Carlile  - applicant (MPs) invite Iranian dissident to the UK; she's been exiled from the UK. They apply to SS for this decision to be changed, he refuses. They apply to court for review of decision for incompatibility with Art 10 ECHR right to freedom of expression. Eventually appealed to Supreme Court, who accept that the right is engaged, and relevant, but the interference in this case was lawful because it was proportionate to the legitimate aim of protecting national security - the right wasn't engaged to a particularly high level, as it wasn't preventing the applicants from hearing the dissident speak at all, it was just a single limitation on the location of any conversation, and given she was domiciled in Europe, it was perfectly possible to exercise their Art 10 right without needing to be in the UK. Furthermore, it wasn't for the courts to interfere with the executive on matters like this, as the courts were neither constitutionally nor institutionally competent on the matter relative to the executive, the matter being primarily concerned with questions of public policy and defense.
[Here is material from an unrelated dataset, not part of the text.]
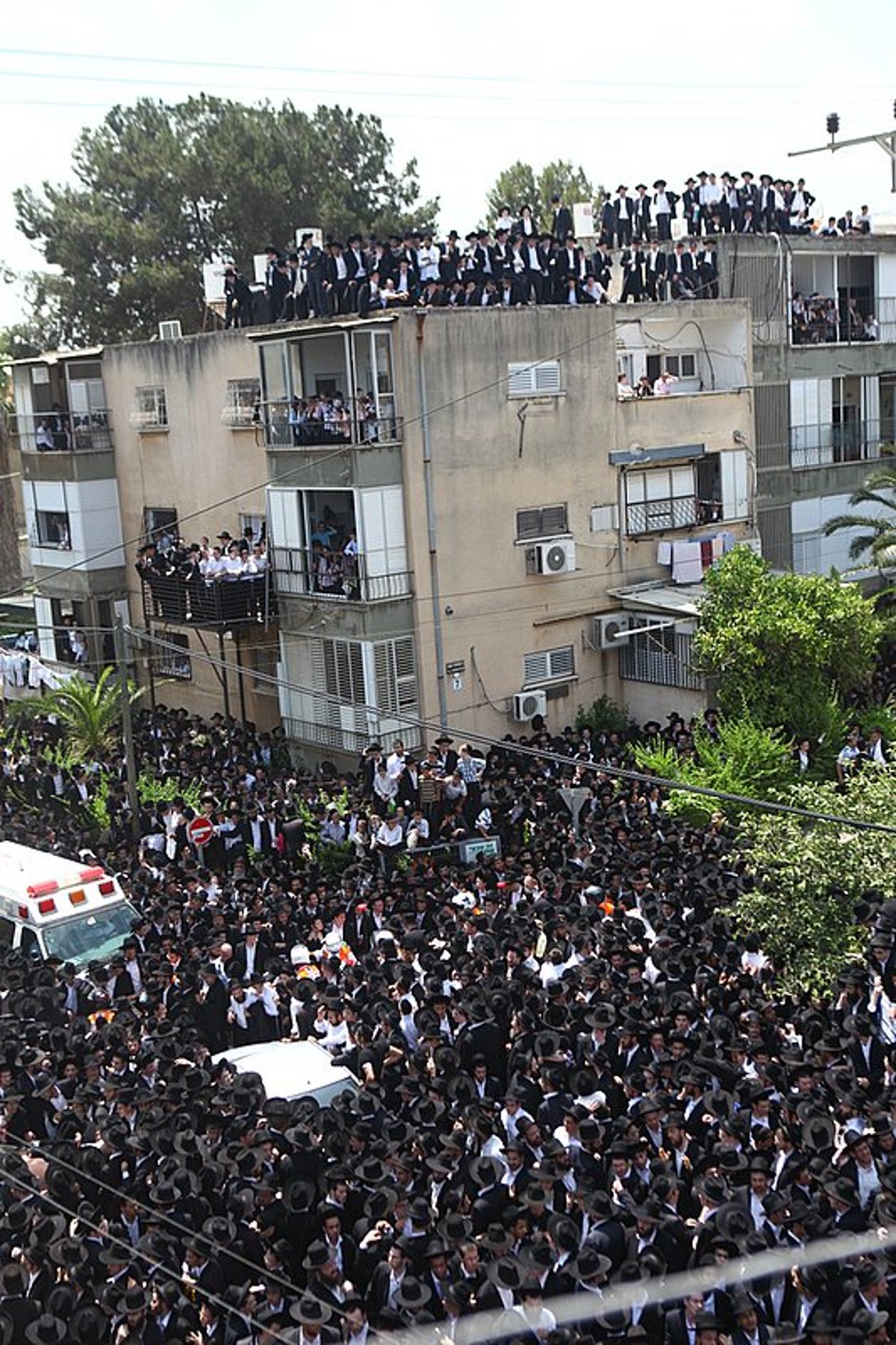 אחר מיטת ראש-הישיבה: ההמונים צעדו ומיררו בבכי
R (Cart) v Upper Tribunal  - the applicant had been refused leave to appeal against a decision of the First Tier Tribunal (tribunals are an alternative method of resolving disputes to courts) by the Upper Tribunal. The issue before the Supreme Court was first, whether the Tribunals, Courts and Enforcement Act 2007 had ousted their jurisdiction to review decisions of the Upper Tribunal entirely, and if not, on what conditions the courts were able to review for error of law. First, the court held that the jurisdiction of the court had not been ousted entirely - to do so would require clear statutory wording to that effect, and implication by the 'general effect' of the statute was insufficient. Secondly, however, the court held that jurisdiction to review decisions of the Upper Tribunal was limited based on a construction of the intended effect of the statute. The TCEA had been created based on the Leggatt Report, and although Parliament didn't go as far as the report did, and fully oust judicial review, they followed the general scheme and thrust of the report quite substantially. Therefore, instead of the court's usual jurisdiction (to review for any error of law), the review should be permissible only according to the standard of appeals to the Court of Appeal (when either the appeal raised an important point of practice or principle, or there were other compelling reasons for hearing the appeal).